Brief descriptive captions
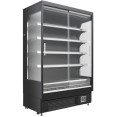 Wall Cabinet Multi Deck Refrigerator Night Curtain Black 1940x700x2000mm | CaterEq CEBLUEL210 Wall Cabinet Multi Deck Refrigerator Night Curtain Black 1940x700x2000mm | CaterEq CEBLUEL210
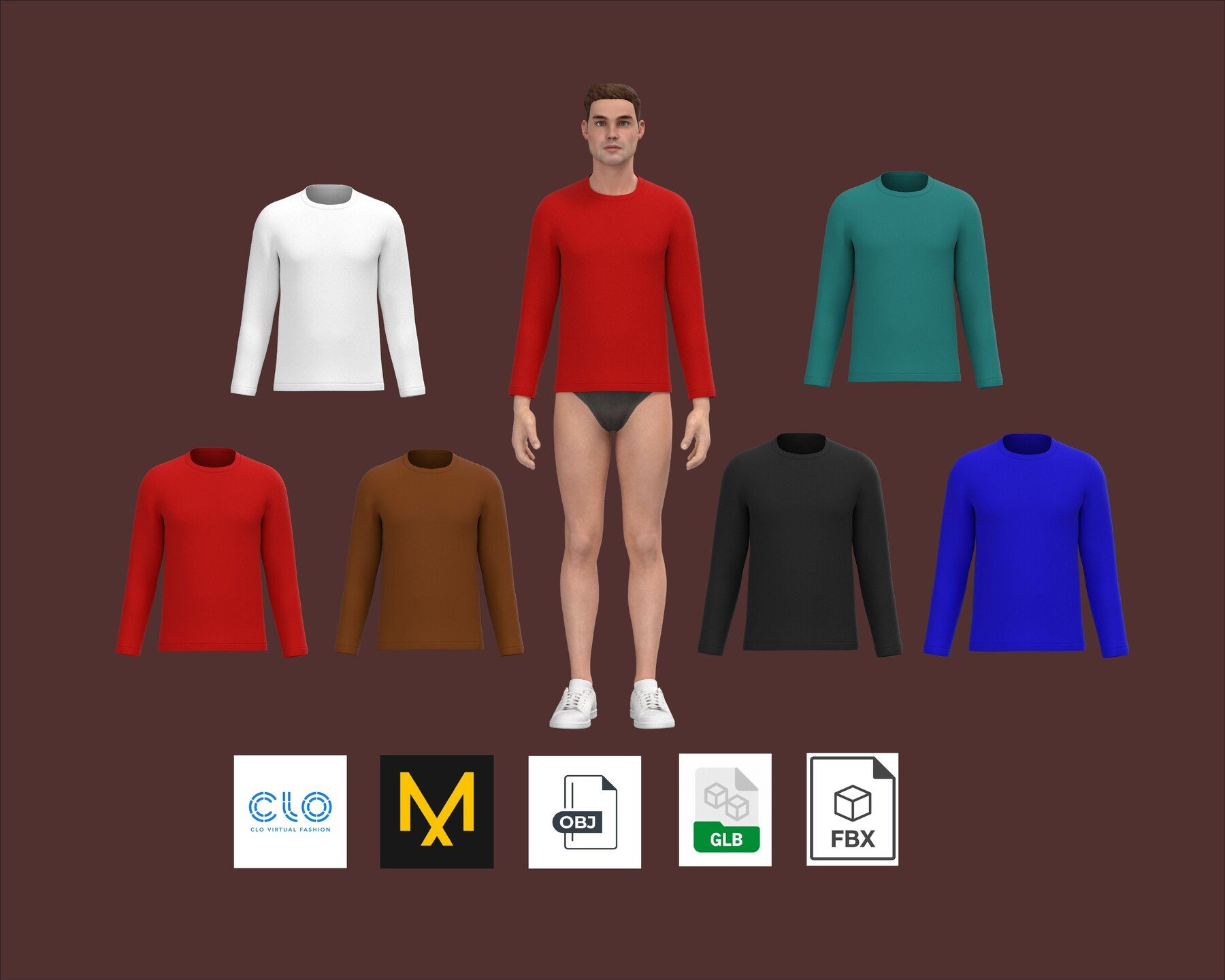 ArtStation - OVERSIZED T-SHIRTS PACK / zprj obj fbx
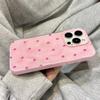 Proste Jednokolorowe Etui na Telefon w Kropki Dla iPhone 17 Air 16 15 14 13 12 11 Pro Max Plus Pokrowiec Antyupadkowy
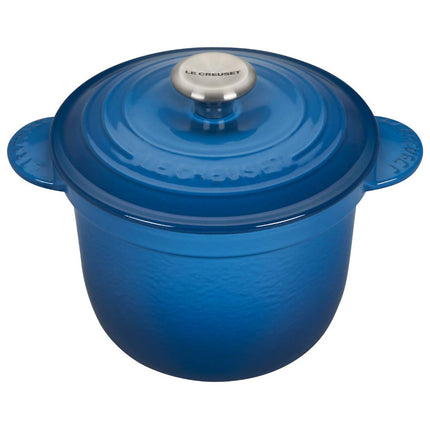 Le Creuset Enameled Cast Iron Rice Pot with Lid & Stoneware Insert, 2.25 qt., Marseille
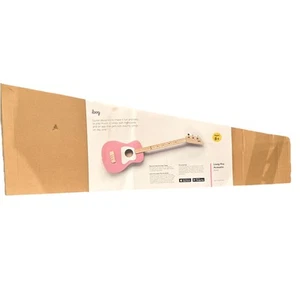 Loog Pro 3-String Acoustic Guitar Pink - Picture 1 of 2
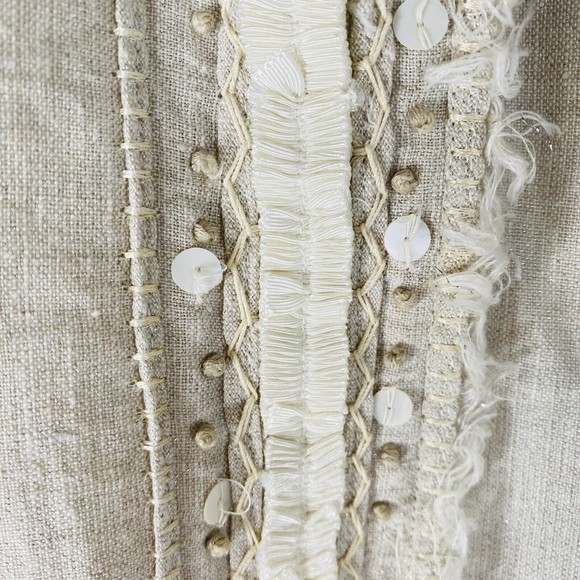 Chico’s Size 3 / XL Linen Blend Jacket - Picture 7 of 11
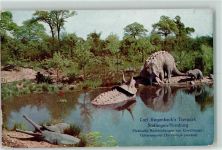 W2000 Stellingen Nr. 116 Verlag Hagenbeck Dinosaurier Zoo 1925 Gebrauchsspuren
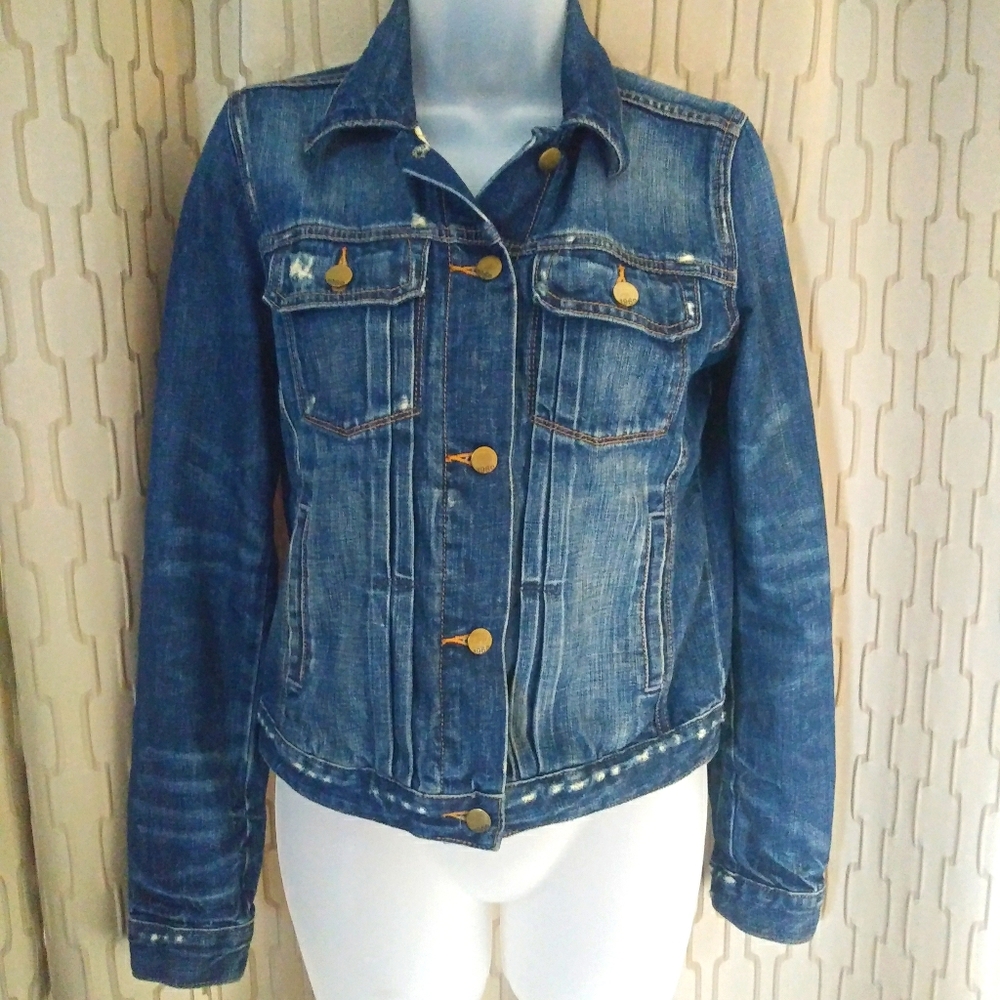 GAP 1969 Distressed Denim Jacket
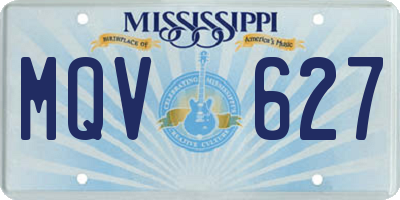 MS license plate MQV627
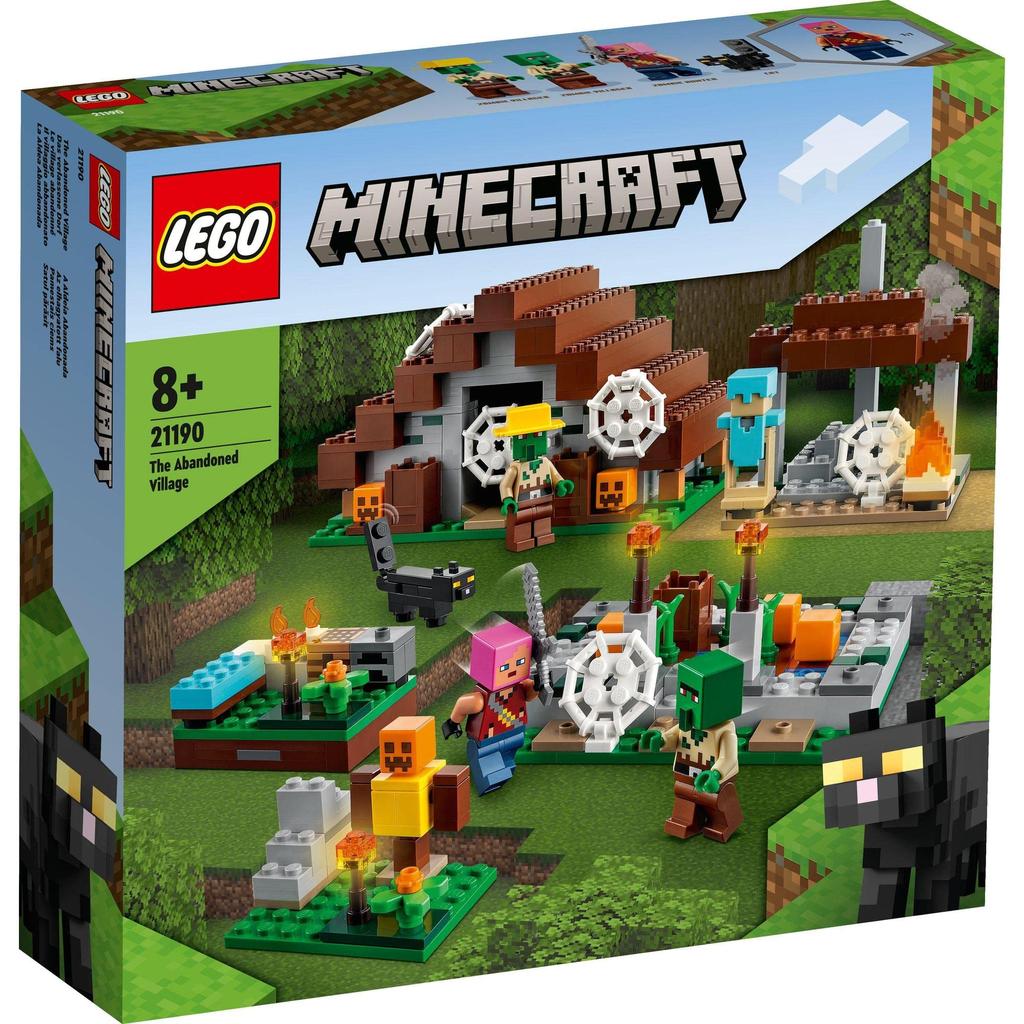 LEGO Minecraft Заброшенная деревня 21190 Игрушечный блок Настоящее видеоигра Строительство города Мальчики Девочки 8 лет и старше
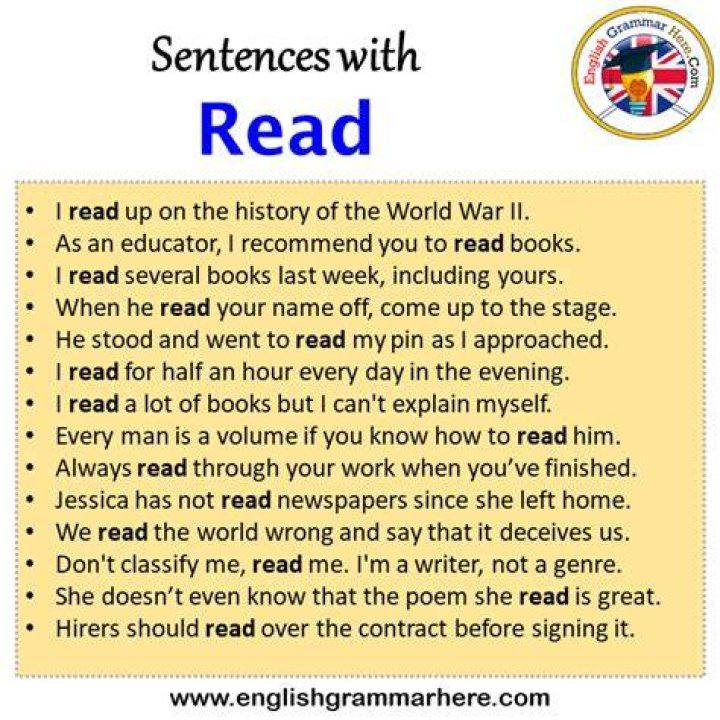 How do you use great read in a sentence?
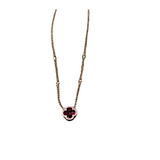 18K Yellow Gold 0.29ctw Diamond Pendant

EXERCISE BRIEF :: Using the records above, repeat exactly the run of lines that starts with the line with "Proste Jednokolorowe Etui" and goes on through the line with "W2000 Stellingen Nr."; omit each picture.

SOLVED EXERCISE ::
 Proste Jednokolorowe Etui na Telefon w Kropki Dla iPhone 17 Air 16 15 14 13 12 11 Pro Max Plus Pokrowiec Antyupadkowy
 Le Creuset Enameled Cast Iron Rice Pot with Lid & Stoneware Insert, 2.25 qt., Marseille
 Loog Pro 3-String Acoustic Guitar Pink - Picture 1 of 2
 Chico’s Size 3 / XL Linen Blend Jacket - Picture 7 of 11
 W2000 Stellingen Nr. 116 Verlag Hagenbeck Dinosaurier Zoo 1925 Gebrauchsspuren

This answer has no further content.